Cada cultura se expressa nos textos que nela são produzidos. Em um certo sentido, cada texto é uma tradução da cultura em que nasce, é uma sua atualização parcial, como todas as outras traduções. Cada texto fecunda o contexto em que é publicado, porque contém elementos novos, ou elementos estranhos. Toda a contribuição inovadora de um texto está no que contém de diferente em relação ao que está implícito na cultura receptora.
Se um texto vem de uma tradução interlingüística, freqüentemente vem também da uma cultura geograficamente ou politicamente diferente. O tradutor, mediador entre as duas culturas, ao escolher a estratégia tradutiva, decide em que medida o texto deve adaptar-se à cultura, e em que medida a cultura deve adaptar-se ao texto que recebe.

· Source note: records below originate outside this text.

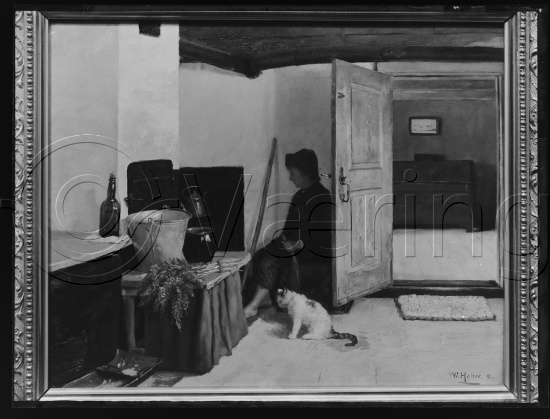 Glassplate og negativ film
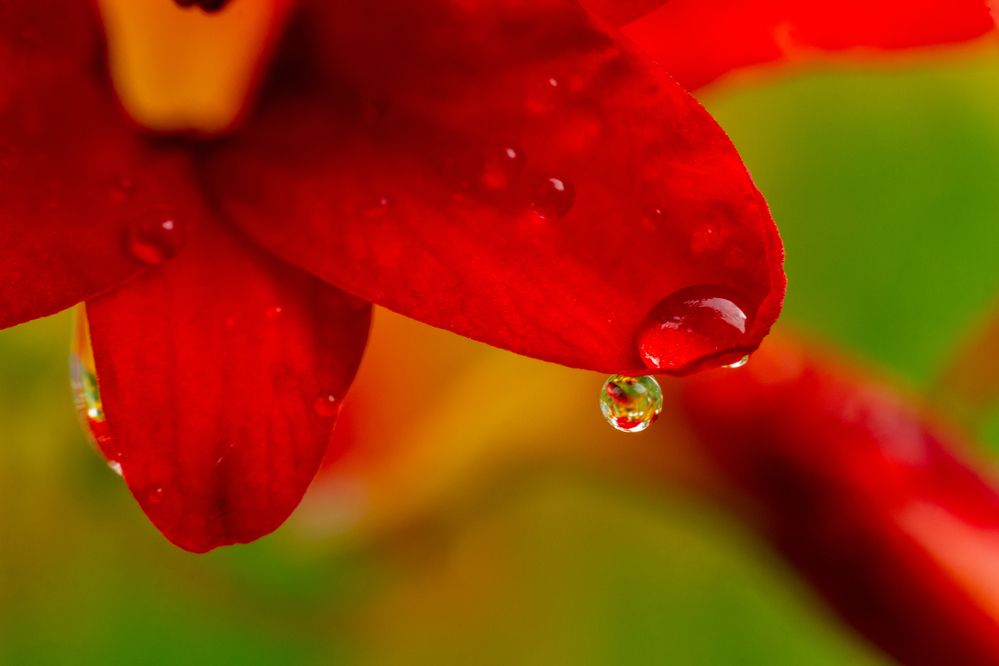 Photograph by Никита Иванов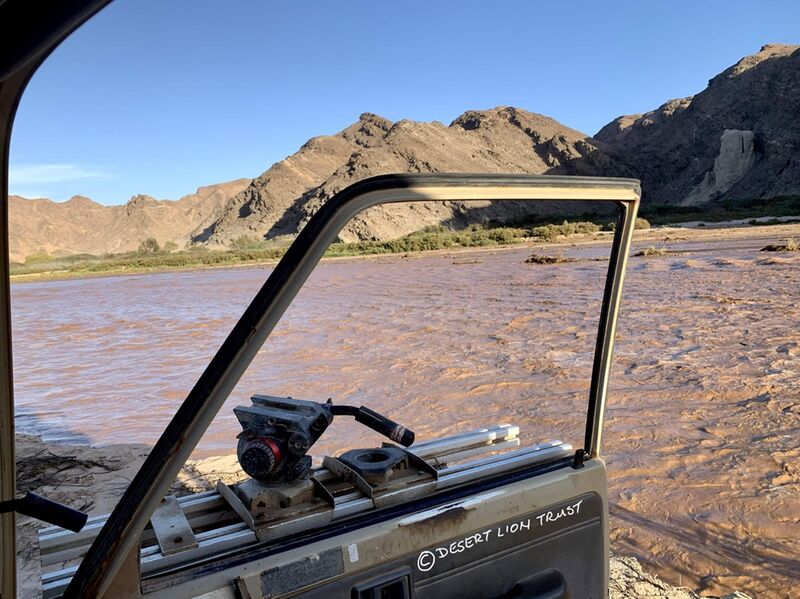 Location where lionesses crossed the flooding river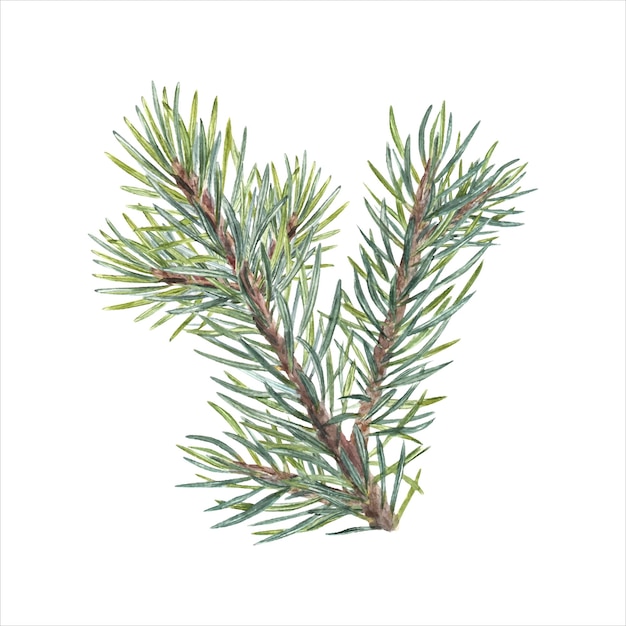 Watercolor Christmas Spruce conifer branch Evergreen plant Illustration of green lush sprig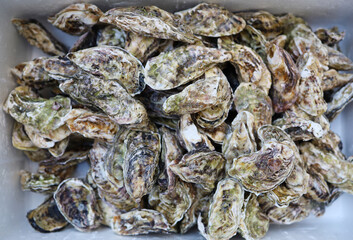 fresh seafood petrified oyster clams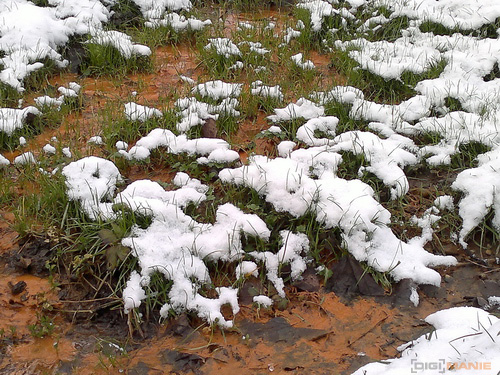 Nokia C7: pro fotící manažery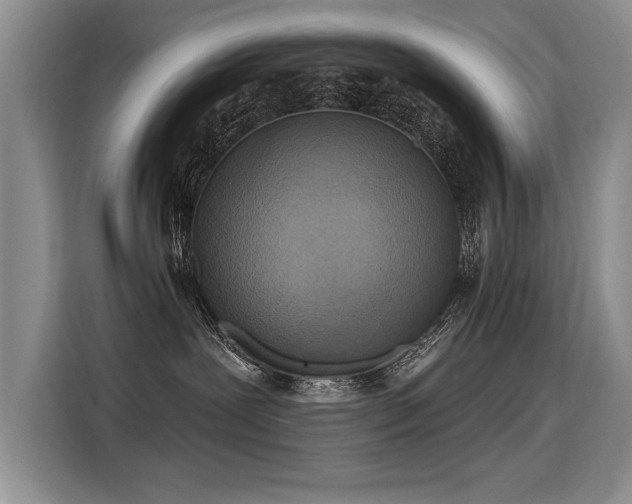 X0000115420239200911101638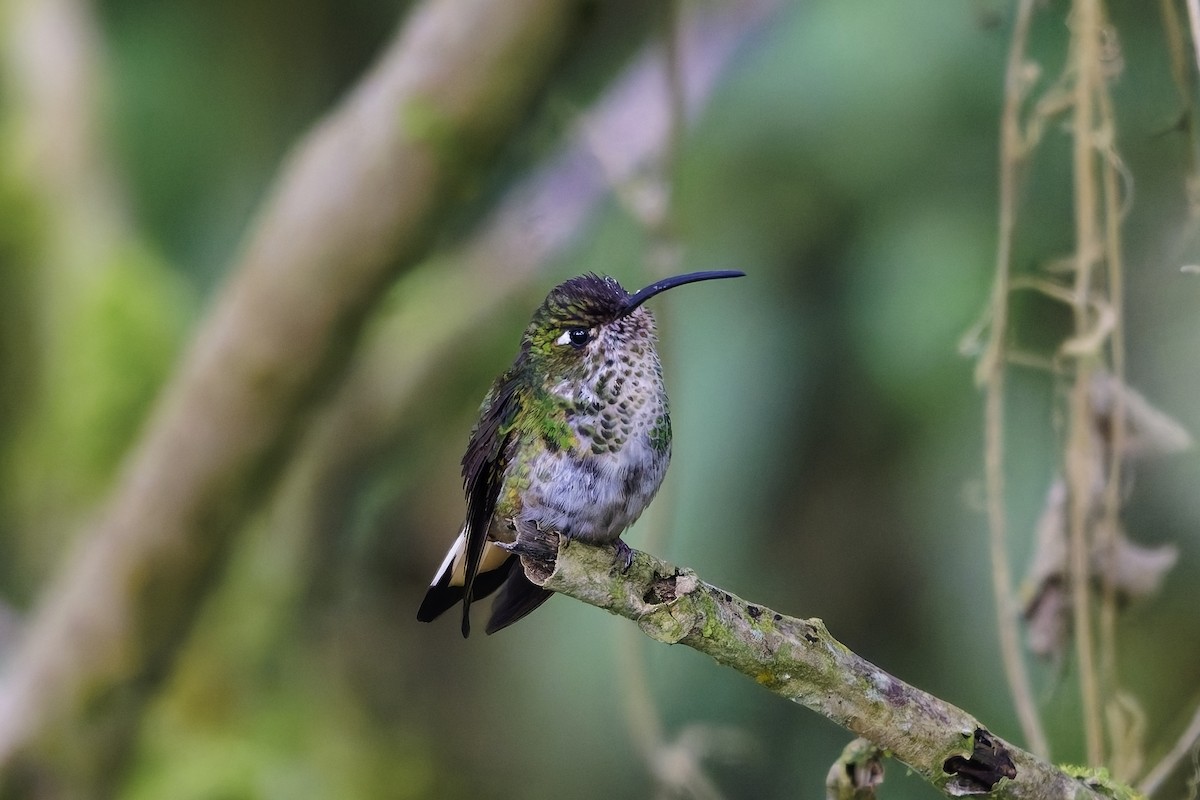 Mountain Velvetbreast - ML647075768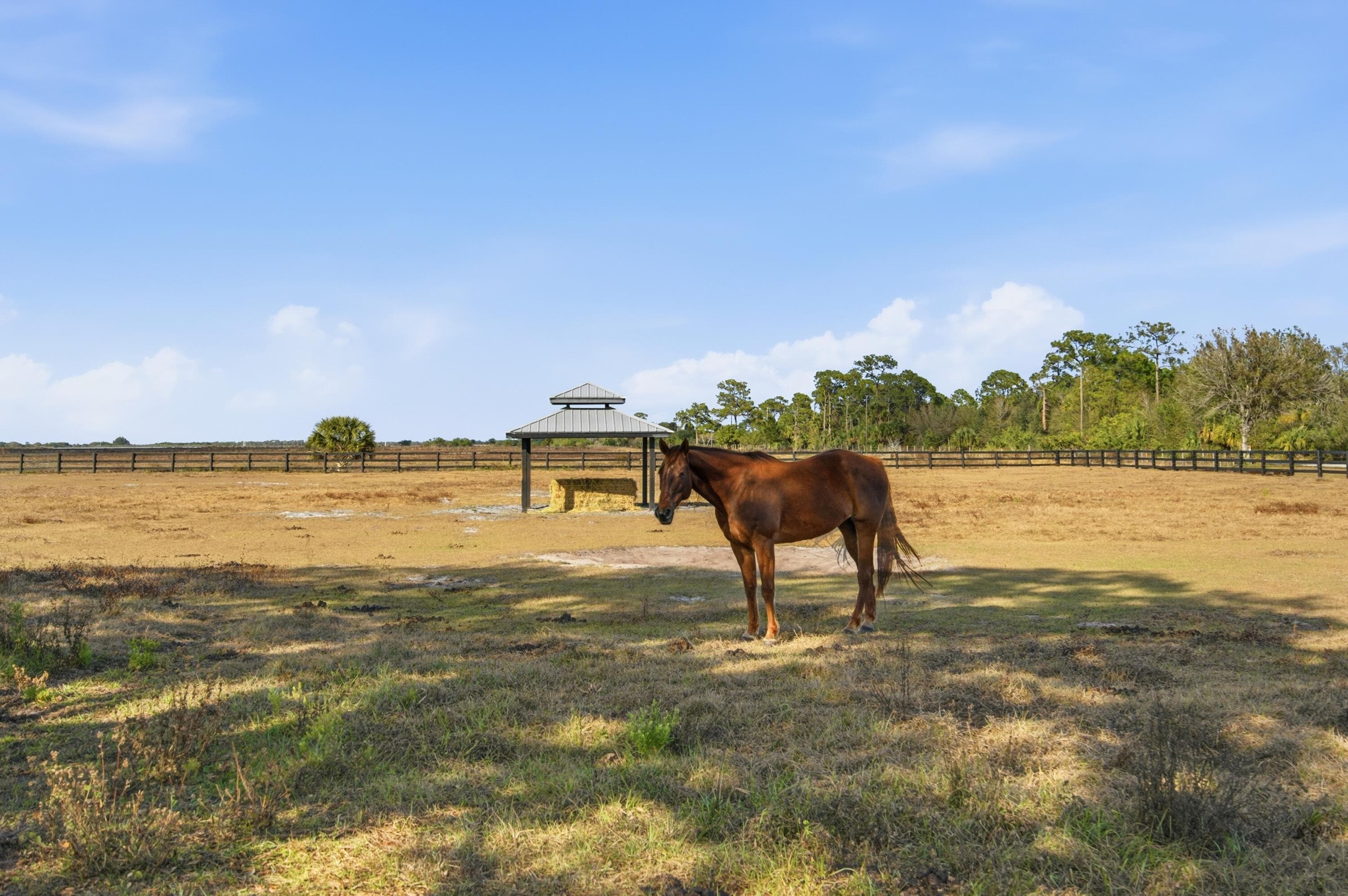 13850 SW Allapattah Road, Indiantown, FL 34956 — photo 83 of 97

É ponto pacífico que, quanto à lingüística, o texto é que deve adaptar-se à cultura receptora: por isto é consultado o tradutor. (Mas mesmo ponto não é completamente rígido, dado que um percentual mais ou menos amplo do metatexto pode conservar-se na língua do original.)
Nos sonhos, há uma reevocação individual da memória e das impressões suscitadas (elaboração primária), um registro pessoal não compartilhável porque nenhuma outra pessoa é capaz de entender a sintaxe do que contou o "titular do sonho", a menos que haja uma elaboração secundária que transforme tal material informe em um texto coerente e narrável para o exterior. O mesmo corre nas traduções: depois da elaboração primária mental vem a transformação em texto.
Além do código natural do metatexto, o grau de adaptabilidade do texto é variável segundo se prefira uma abordagem de adequação ou aceitabilidade. A diferença está no modo em que se dá tal elaboração secundária.
Tendo que lidar com um material psíquico fruto da interpretação do prototexto para reproduzi-lo em um texto coerente, pela abordagem da adequação, o texto produzido responde a critérios de máxima descrição do prototexto. O metatexto, embora legível, denuncia com clareza a própria identidade de metatexto e tem uma atitude de subordinação nos confrontos do prototexto, do qual é uma espécie de satélite.
Na abordagem da aceitabilidade o texto produzido responde ao critério da máxima legibilidade. Tendendo a esconder sua identidade de texto traduzido, a tradução aceitável tenta se fazer passar por um original. A recriação se dá pelos cânones da cultura receptora.